## DATA EXTRACT

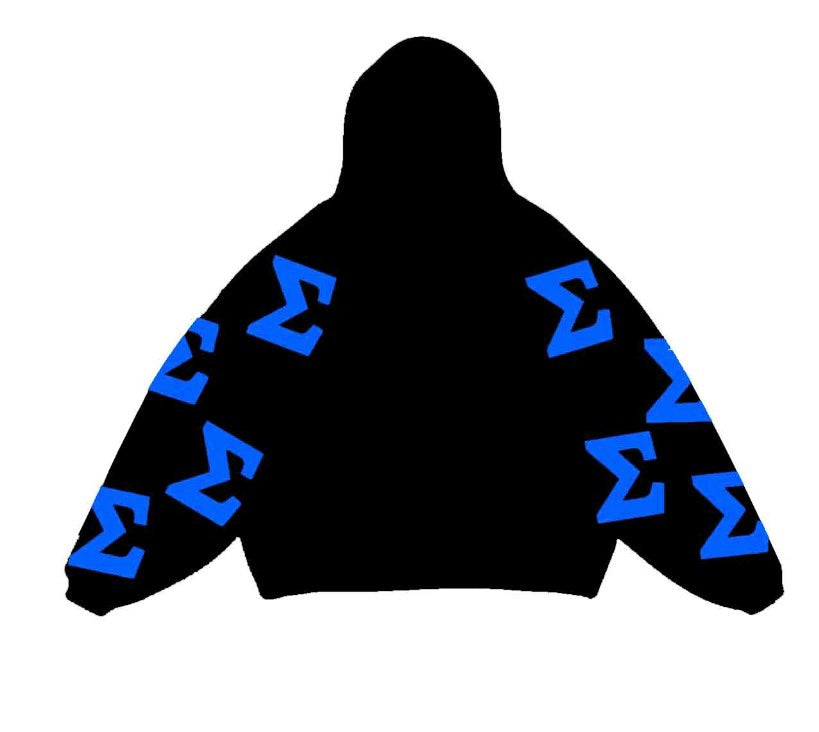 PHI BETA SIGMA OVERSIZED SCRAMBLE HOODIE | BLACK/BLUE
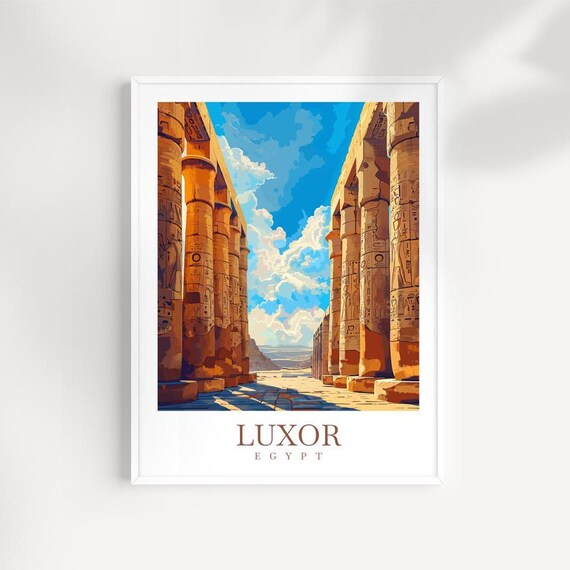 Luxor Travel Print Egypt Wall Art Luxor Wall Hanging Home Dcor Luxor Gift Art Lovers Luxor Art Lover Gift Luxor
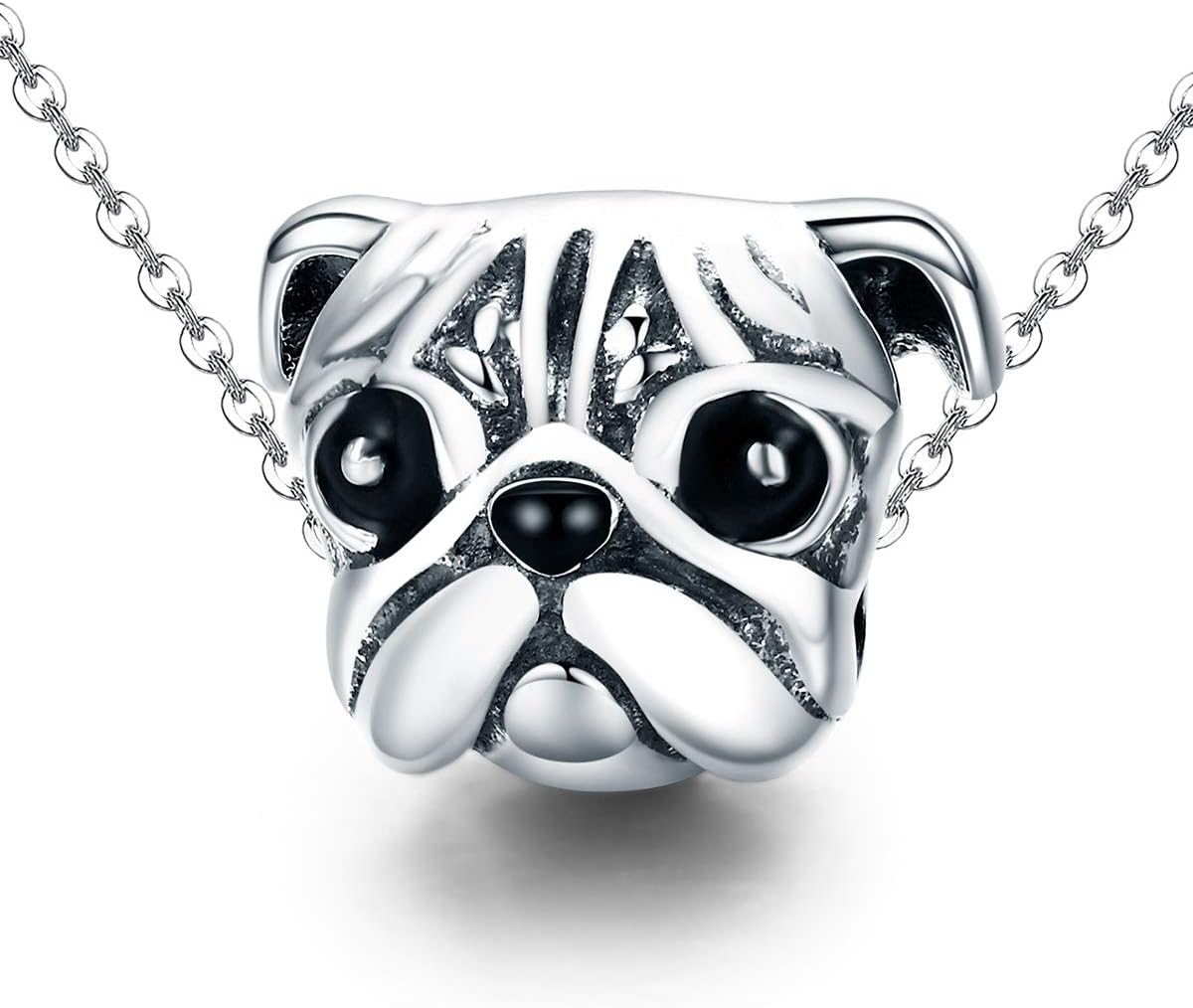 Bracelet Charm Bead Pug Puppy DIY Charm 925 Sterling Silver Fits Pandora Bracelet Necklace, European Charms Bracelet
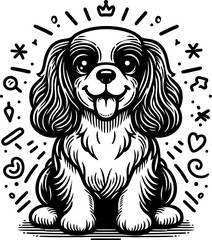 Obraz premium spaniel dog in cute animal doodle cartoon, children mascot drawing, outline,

## EXERCISE BRIEF
In your reply, please print exactly the lines from the one with "Luxor Travel Print" through the final line of the listing above, both included, and no pictures.

## WORKED SOLUTION
 Luxor Travel Print Egypt Wall Art Luxor Wall Hanging Home Dcor Luxor Gift Art Lovers Luxor Art Lover Gift Luxor
 Bracelet Charm Bead Pug Puppy DIY Charm 925 Sterling Silver Fits Pandora Bracelet Necklace, European Charms Bracelet
 Obraz premium spaniel dog in cute animal doodle cartoon, children mascot drawing, outline,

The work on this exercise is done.